山梨県で、冷涼な気候を活かしてレタス、白菜、キャベツ、ブロッコリー、グリーンリーフなど、多彩な高原野菜を育てています。
とくに高原レタスは、新鮮なまま朝採りで出荷するのが自慢です。
ただ、どうしても梅雨や秋雨の時期になると腐敗病が発生してしまいます。ここ数年は被害も大きくなってきているのが悩みです。
もちろん強風になりそうな時など、作物が痛みやすい状況には気を配っています。トンネルを使うときにも、換気に気をつけています。しかし、なかなか完全な防除は難しいです。
予防として銅剤を散布していますが、イチから防除を徹底的に見直していきたいと考えています。
レタスの腐敗病を防ぐ方法を教えてください。
(山梨県・田中さん/仮名・30代)
五十嵐大造
東京農業大学国際食料情報学部 国際食料情報学部(前教授)
レタスの腐敗病対策は育苗から定植まで苗が傷つかないように扱い、予防的に銅剤を使うこともおすすめです
腐敗病は夏から秋にかけてだけでなく、冬季でも発生します。
その原因は「シュードモナス・チコリ(Pseudomonas cichorii)」「シュードモナス・マージナリス(Pseudomonas marginalis)」「シュードモナス・ビリディフラバ(Pseudomonas viridiflava)」など「シュードモナス属」の細菌です。
私も神奈川県園芸試験場で研究員だった頃に、冬季のキャベツで発生した腐敗病の防除の研究に関わったことがありますが、病原菌の正体は「シュードモナス属」の「ビリディフラバ」と「マージナリス」でした。
冬の低温にさらされたことが原因の凍害によって、キャベツの結球葉の細胞が損傷した部分に病原菌が侵入・繁殖して、腐敗病に至ることがわかりました。
一方で、健全な葉に病原菌を処理しても、ほとんどの場合、病気が発生しないままでいることも明らかになりました。
ご相談者さんとは、レタスとキャベツの違いはありますが、腐敗病のメカニズムは共通しているものがあろうかと思います。
夏の高原レタスの場合、凍害ではありませんが、目に見えないほどの物理的な傷など細胞が損傷している可能性は大きいと思われます。

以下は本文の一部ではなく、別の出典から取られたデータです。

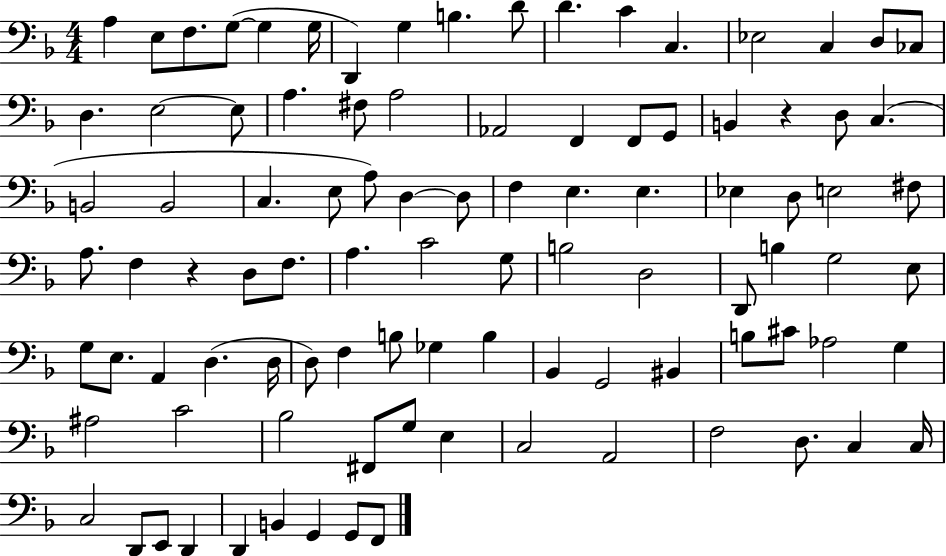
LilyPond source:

{
  \clef bass
  \numericTimeSignature
  \time 4/4
  \key f \major
  a4 e8 f8. g8~(~ g4 g16 | d,4) g4 b4. d'8 | d'4. c'4 c4. | ees2 c4 d8 ces8 | \break d4. e2~~ e8 | a4. fis8 a2 | aes,2 f,4 f,8 g,8 | b,4 r4 d8 c4.( | \break b,2 b,2 | c4. e8 a8) d4~~ d8 | f4 e4. e4. | ees4 d8 e2 fis8 | \break a8. f4 r4 d8 f8. | a4. c'2 g8 | b2 d2 | d,8 b4 g2 e8 | \break g8 e8. a,4 d4.( d16 | d8) f4 b8 ges4 b4 | bes,4 g,2 bis,4 | b8 cis'8 aes2 g4 | \break ais2 c'2 | bes2 fis,8 g8 e4 | c2 a,2 | f2 d8. c4 c16 | \break c2 d,8 e,8 d,4 | d,4 b,4 g,4 g,8 f,8 | \bar "|."
}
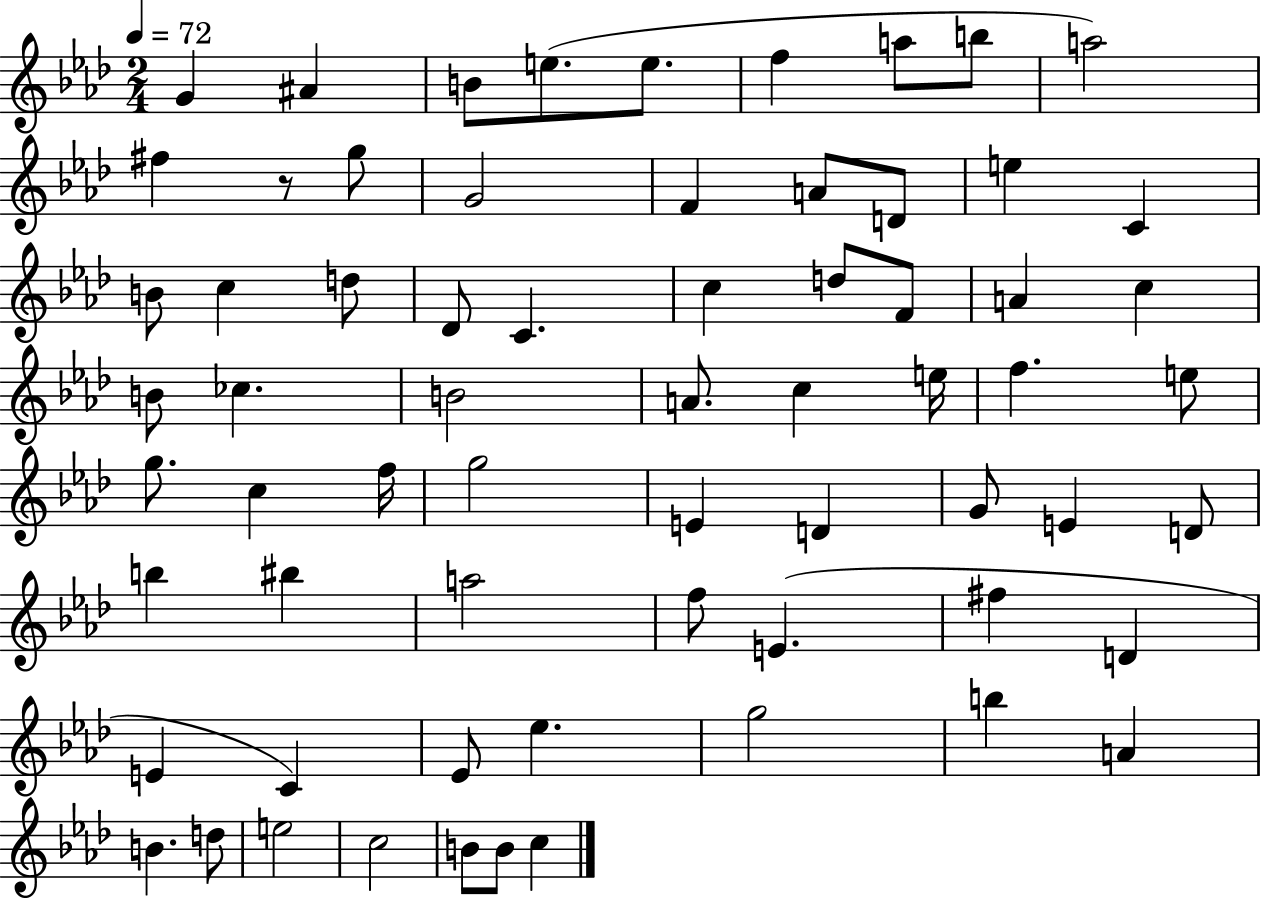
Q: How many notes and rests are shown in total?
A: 66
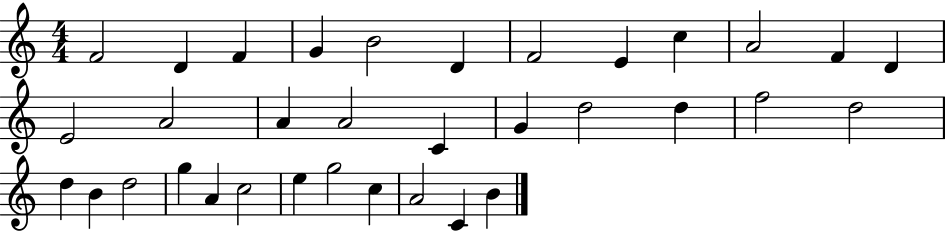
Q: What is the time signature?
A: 4/4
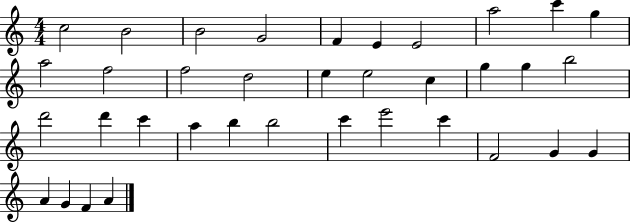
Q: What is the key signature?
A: C major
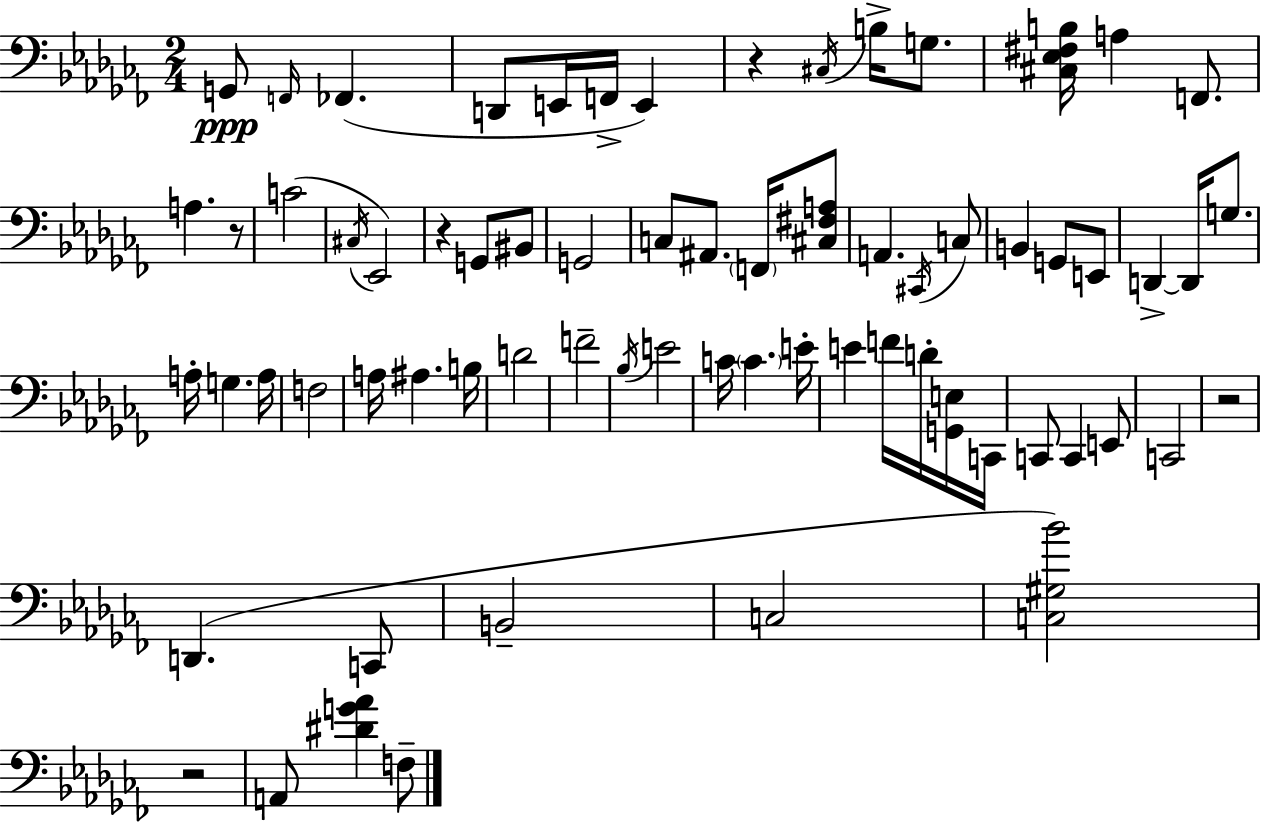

菌が侵入すると、被覆しているトンネル内の高温や多湿状況によって病気の進行が早まります。
そこで対策ですが、まず育苗から定植にかけての工程で、苗が傷つかないよう丁寧に扱うことに注意し、結球開始前から予防処置として銅剤の薬剤散布を試してみてはいかがでしょうか?
銅剤は細菌に対する予防効果が見込める可能性があります。あわせて地元の防除歴も参考にしたうえで、夏季の高温多湿を防ぐために換気に気をつけてください。